Provided data START

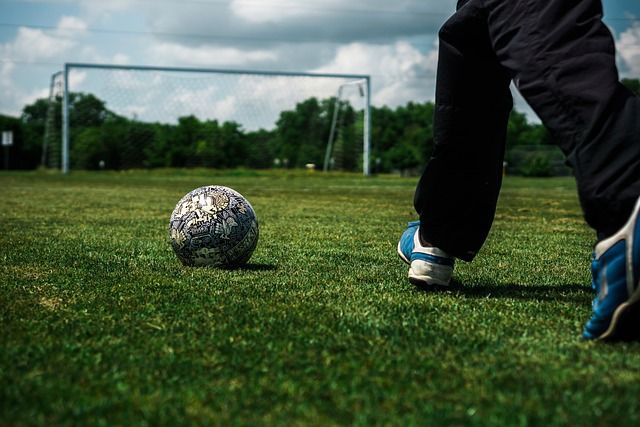 进攻能力令 进攻能力令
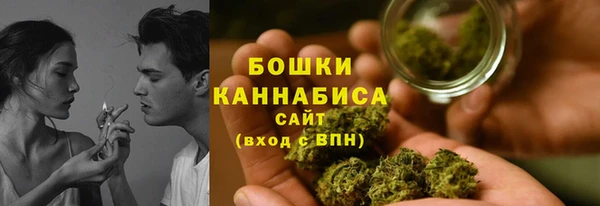 амф Сатка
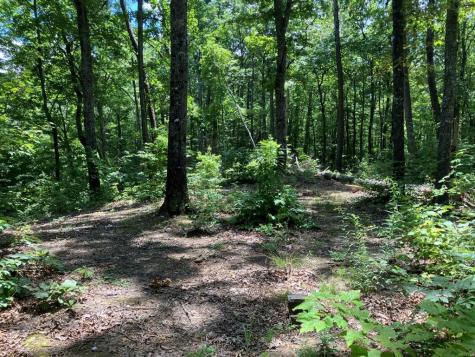 97 Concord Trail Murphy NC 28906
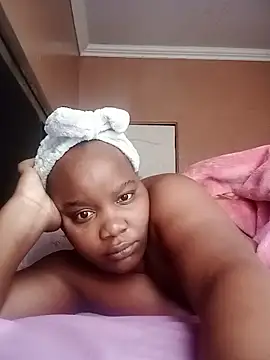 bigboobsy online show from 05-17-26, 08:34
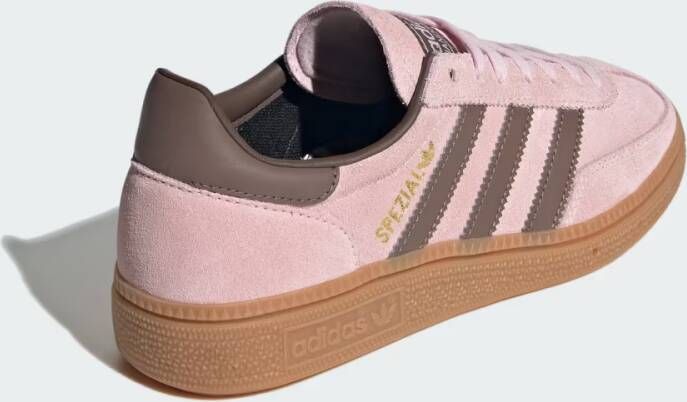 Adidas Handball Spezial Schoenen Kids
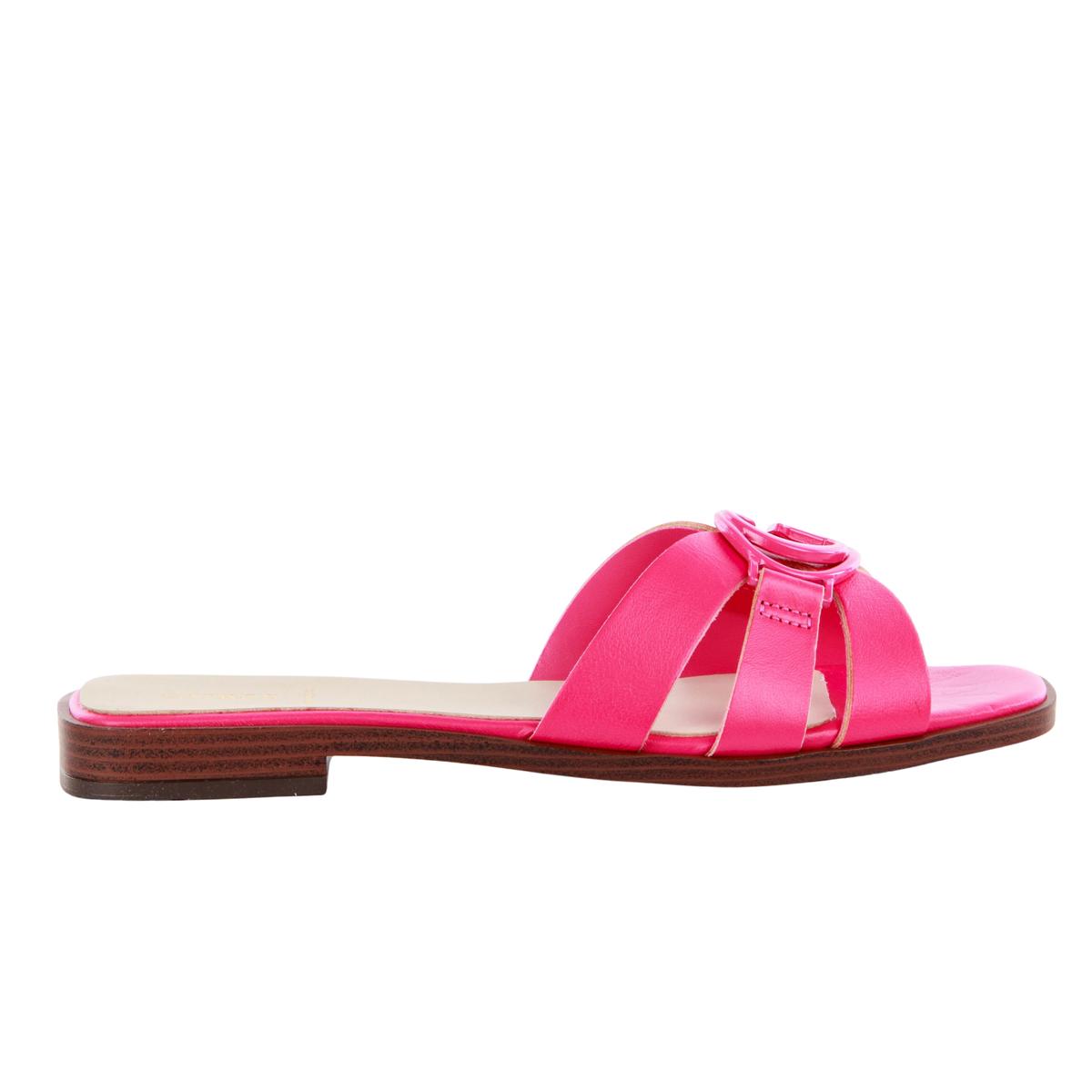 product/g/u/guess_fljsymlea03-pink_rose_1.jpg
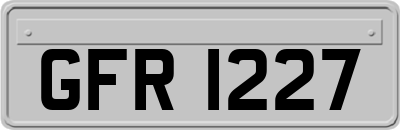 GFR1227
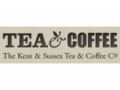 Tea-and-coffee Promo Codes April 2024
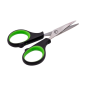 Korda Basix Rig Scissors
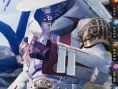 Screens Mobius Final Fantasy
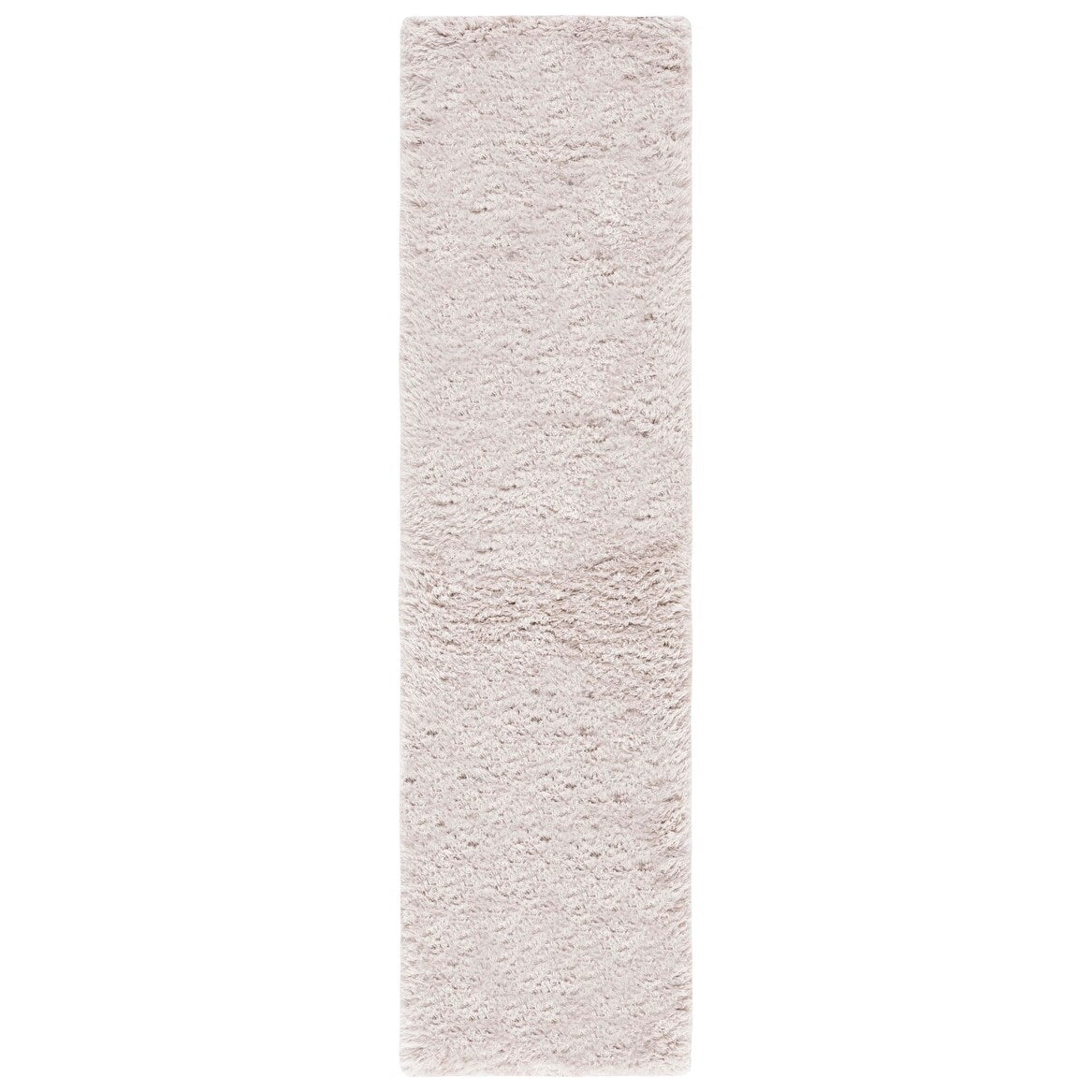 SAFAVIEH Flokati Shag Wynne 2.75-inch Thick Rug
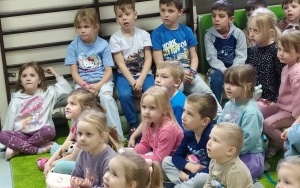 Wiosenne przedstawienie (6)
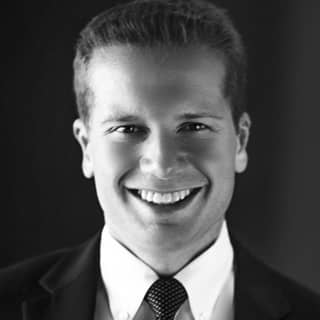 Troy Graziani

Provided data END

- [Task instructions]
Your copy should match the records above word for word, but without images.

- [Expected output]
 进攻能力令 进攻能力令
 амф Сатка
 97 Concord Trail Murphy NC 28906
 bigboobsy online show from 05-17-26, 08:34
 Adidas Handball Spezial Schoenen Kids
 product/g/u/guess_fljsymlea03-pink_rose_1.jpg
 GFR1227
 Tea-and-coffee Promo Codes April 2024
 Korda Basix Rig Scissors
 Screens Mobius Final Fantasy
 SAFAVIEH Flokati Shag Wynne 2.75-inch Thick Rug
 Wiosenne przedstawienie (6)
 Troy Graziani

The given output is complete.